Thanksgiving Day, 26 November, 2020: Sirach 50:22-24; 1 Corinthians 1:3-9; Luke 17:11-19
We’re concluding a difficult year fraught with racism, contested elections, rampant conspiracy theories, Church scandals, tropical storms, uncontained wild fires, a pandemic—topped by the narcissism, denial and immaturity of our national culture. Now, of all times, it is crucial not to forget gratitude to keep our experience in perspective, rather than unbalanced by anxiety, discouragement or deepening divisions.

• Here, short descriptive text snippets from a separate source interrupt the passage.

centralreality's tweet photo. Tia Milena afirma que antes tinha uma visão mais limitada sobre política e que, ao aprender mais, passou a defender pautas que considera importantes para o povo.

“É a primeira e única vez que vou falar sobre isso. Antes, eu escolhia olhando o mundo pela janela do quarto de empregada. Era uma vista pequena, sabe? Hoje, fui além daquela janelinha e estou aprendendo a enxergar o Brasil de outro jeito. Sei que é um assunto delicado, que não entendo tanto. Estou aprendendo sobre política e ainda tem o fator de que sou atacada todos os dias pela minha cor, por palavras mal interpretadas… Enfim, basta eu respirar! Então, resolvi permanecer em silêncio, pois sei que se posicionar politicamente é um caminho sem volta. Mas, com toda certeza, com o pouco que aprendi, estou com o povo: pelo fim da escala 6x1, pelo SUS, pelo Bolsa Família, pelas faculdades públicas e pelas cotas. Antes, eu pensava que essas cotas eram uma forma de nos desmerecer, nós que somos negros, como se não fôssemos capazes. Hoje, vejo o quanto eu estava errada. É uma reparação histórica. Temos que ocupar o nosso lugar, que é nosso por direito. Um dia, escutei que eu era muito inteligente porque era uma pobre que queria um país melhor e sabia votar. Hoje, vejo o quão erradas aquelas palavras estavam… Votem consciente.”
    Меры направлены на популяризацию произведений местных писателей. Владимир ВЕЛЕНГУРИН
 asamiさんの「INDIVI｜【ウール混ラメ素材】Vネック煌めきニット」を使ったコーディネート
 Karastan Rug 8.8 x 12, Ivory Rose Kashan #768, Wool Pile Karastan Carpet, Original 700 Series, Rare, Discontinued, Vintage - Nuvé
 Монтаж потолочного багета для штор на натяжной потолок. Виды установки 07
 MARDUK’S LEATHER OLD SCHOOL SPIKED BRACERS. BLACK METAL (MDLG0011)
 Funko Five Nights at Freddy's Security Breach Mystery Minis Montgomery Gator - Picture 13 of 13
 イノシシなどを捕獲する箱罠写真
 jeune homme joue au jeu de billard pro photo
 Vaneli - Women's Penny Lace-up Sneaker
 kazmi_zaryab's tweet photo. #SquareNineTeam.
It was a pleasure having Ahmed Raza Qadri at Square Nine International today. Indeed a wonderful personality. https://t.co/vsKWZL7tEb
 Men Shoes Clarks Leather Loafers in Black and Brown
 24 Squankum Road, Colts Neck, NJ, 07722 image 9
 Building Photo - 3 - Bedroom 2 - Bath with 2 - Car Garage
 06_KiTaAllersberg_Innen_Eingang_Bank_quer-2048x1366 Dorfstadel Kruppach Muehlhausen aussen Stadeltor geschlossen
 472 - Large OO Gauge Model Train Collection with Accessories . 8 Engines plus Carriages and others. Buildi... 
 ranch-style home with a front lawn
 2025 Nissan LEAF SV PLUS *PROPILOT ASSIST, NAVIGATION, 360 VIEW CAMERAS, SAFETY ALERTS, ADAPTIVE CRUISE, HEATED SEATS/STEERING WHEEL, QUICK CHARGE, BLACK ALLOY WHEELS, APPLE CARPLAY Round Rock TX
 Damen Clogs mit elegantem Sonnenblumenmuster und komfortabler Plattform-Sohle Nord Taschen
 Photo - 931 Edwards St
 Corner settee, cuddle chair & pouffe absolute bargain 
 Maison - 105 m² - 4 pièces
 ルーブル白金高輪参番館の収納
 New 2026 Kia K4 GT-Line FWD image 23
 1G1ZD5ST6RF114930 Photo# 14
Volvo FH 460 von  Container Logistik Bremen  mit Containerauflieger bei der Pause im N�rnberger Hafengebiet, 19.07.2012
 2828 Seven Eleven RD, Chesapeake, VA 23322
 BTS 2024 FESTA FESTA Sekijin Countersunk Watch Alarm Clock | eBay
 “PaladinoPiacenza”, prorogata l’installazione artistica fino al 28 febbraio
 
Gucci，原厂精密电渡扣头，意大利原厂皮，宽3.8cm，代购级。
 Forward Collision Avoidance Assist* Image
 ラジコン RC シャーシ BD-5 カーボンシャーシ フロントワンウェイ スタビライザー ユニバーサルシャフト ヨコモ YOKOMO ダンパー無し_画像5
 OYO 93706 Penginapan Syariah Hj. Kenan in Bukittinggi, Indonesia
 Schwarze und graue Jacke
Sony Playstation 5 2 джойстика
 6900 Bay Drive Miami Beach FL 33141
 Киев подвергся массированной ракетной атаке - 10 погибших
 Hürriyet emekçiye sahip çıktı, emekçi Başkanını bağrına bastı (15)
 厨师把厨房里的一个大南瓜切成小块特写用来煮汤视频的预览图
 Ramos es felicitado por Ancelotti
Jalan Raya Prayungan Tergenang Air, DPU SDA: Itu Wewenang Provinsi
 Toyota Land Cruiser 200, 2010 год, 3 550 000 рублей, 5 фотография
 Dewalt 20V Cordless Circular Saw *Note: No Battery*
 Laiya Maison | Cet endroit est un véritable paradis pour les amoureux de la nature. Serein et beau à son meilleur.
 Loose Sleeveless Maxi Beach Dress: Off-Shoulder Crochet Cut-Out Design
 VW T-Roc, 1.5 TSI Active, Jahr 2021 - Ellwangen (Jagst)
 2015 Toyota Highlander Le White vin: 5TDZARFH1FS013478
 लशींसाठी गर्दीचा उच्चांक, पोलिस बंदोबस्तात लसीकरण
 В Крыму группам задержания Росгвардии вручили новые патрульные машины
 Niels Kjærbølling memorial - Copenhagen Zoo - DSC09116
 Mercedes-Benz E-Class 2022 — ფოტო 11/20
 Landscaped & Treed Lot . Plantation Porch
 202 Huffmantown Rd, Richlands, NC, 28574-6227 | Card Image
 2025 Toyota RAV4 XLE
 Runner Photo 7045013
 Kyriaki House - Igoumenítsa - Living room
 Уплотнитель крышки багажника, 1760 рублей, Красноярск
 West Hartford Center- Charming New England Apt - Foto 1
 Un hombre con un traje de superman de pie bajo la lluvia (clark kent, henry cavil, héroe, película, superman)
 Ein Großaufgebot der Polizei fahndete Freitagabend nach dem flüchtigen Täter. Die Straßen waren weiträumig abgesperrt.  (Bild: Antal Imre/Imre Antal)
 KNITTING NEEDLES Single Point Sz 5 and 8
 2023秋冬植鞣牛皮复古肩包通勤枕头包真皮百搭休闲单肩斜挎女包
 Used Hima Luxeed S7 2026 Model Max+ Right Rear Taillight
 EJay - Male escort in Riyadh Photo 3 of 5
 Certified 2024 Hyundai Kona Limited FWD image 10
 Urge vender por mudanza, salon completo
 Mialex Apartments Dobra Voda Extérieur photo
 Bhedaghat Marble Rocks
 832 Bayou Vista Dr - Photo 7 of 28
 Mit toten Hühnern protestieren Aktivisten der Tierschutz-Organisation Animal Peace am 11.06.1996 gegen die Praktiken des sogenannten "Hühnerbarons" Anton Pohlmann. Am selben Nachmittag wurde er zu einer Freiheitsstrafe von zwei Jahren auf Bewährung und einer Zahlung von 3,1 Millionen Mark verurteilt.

Some of us remember Sr. Lynn Levo, from Saint Luke’s Institute, who was a guest speaker here. She had recommended at the end of the day, recalling five things to be grateful for, peculiar to that day.
I can remember at the end of a day, when everything seemed to have gone wrong and I could do nothing right, following her advice. Without any effort—to my surprise—I recognized a dozen happenings for which to be grateful. The day had not been what it felt like. There was a larger picture than my impressions and God was at work in all that had unfolded. My discouragement had disabled me.
Gratitude, which is not gratification, can correct distorted vision. Eucharist means “thanksgiving,” that is to say “gratitude.” Eucharist celebrates the entire trajectory of the Lord from a last supper of a crumbling fellowship, through the betrayal, arrest, abandonment, interrogation, torture, humiliation, execution—and resurrection of Jesus. If I fail to see the whole picture, I could miss the entire point and just give up the struggle.
Gratitude will not eliminate my troubles, but don’t we mature only by engaging our troubles? Gratitude never divides but opens the door to communion.